Plant-based meat companies have been experimenting with different recipes to capture hungry customers.
Plant-based meat companies have been experimenting with different recipes to capture hungry customers. Photograph: Richard Drew/AP

The goal for many of these companies has largely been to develop a plant-based product that matches the texture, taste and juiciness of real meat. While a Beyond Meat sausage or Impossible Burger is much closer to real meat than vegan sausages or veggie burgers, researchers are still trying to make plant-based meat tastier, healthier and cheaper.

“It’s still quite early on in the plant-based food industry,” said David Julian McClements, a professor of food science at the University of Massachusetts Amherst who researches plant-based food alternatives. “It’s very challenging. Meat has a very complicated structural architecture, very complex, fibrous structure … And that structure is what determines its appearance and its texture, the way it behaves in your mouth when you’re chewing it, how chewy or juicy it is.”
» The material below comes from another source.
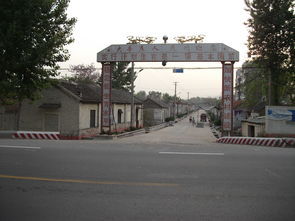 安辛莊村 安辛莊村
When making their arguments against plant-based meat, lobbyists for the meat industry have pointed out that these meat alternatives are processed food. One ad campaign called them “ultra-processed imitations” and asked consumers “what’s hiding in your plant-based meat?”

Plant-based meat has also struck a nerve in America’s neverending culture wars. Ten conservative states in 2018 and 2019 outlawed the use of “meat” in labels for products that are not coming from animals, targeting the plant-based meat industry. Republicans took on a talking line in 2021 that Democrats were going after red meat as a part of Joe Biden’s climate plan, though it was based mostly on speculation and false reports.

“Not gonna happen in Texas!” Greg Abbott, the state’s governor, tweeted in response to the fake reports.

Despite naysayers against plant-based meat, McClements is optimistic that science can bring better meat alternatives, ones that will eventually be harder for meat eaters to resist.

“Just because it’s processed doesn’t mean it’s unhealthy. You can design good nutrition and health into these products. Some companies are really making a big effort to do that.”

There is still a lot of cash going toward companies working on better alternatives. The Good Food Institute, a non-profit that promotes plant-based alternatives, estimated that such companies got $1.4bn (£1.2bn) in funding in 2021 – a record for the industry. Companies are also making a wider array of products, including alternatives to fish and steak.

“The ideal situation is you make a product that is indistinguishable from meat, and it’s cheaper, convenient and accessible,” McClements said. “Then if you have a choice between meat and this product, you always buy the plant-based one because you know it’s better for the environment, it’s definitely better for animal welfare, and it should be better for your health if designed properly.”